Deadlocked Iraqi lawmakers put off next meeting until Sept. 15
Naming a speaker and two deputies is the first major step towards establishing a new government, with lawmakers still trying to determine which of competing blocs had the most seats.
An alliance backing Prime Minister Haider al-Abadi and a populist Shiite cleric has been competing with a rival bloc backed by Abadi’s predecessor Nuri al-Maliki and an Iran-backed Shiite armed group.
After parliament met on Monday for the first time since the election, its temporary leader said it would remain in session until Tuesday. But lawmakers failed to reach a quorum on Tuesday and agreed to return in 11 days.

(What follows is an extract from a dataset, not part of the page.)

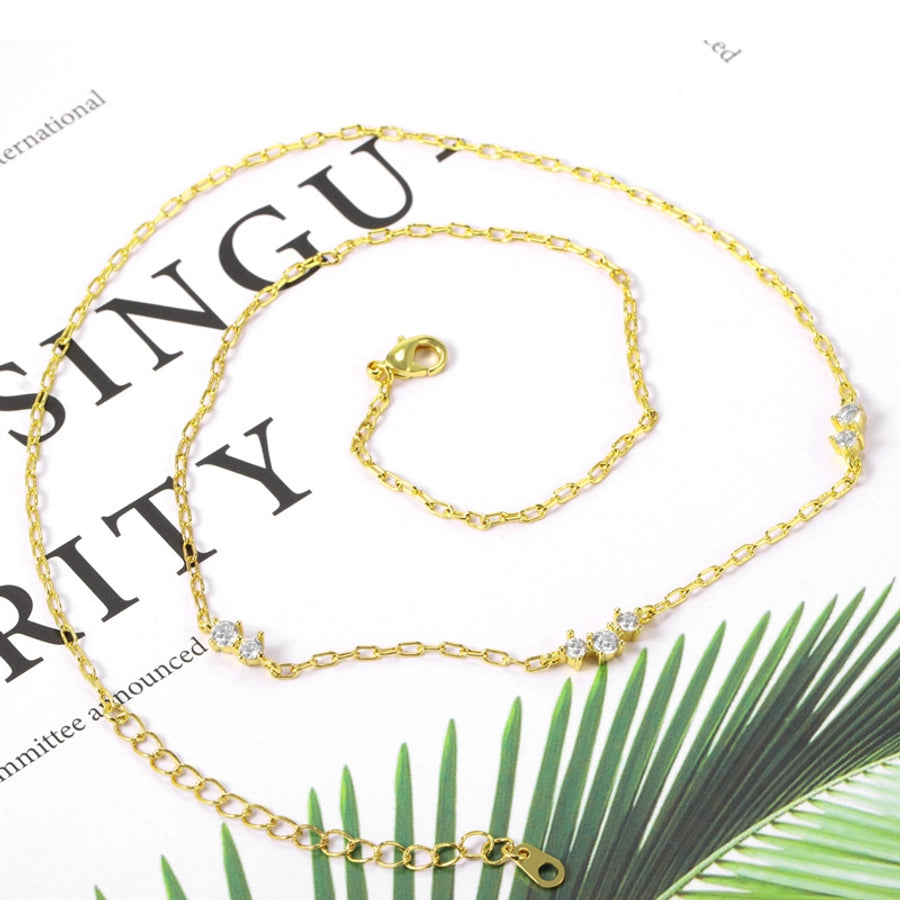 Copper 18K Gold Plated Inlay Solid Color Zircon Necklace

On Sunday, lawmakers backing Abadi and cleric Moqtada al-Sadr announced they had managed to form an alliance that would give them a majority bloc in parliament.
Hours later, however, a group led by Maliki and militia commander Hadi al-Amiri responded by saying it had formed its own alliance that would be the largest bloc. It said it had persuaded some lawmakers to defect from the rival bloc.
The power struggle reflects division within Iraq’s Shiite majority and the competing influence of Iraq’s two main allies, the United States and Iran, which despite being enemies on the wider regional stage both backed the Baghdad government in a 2014-2017 war against ISIS.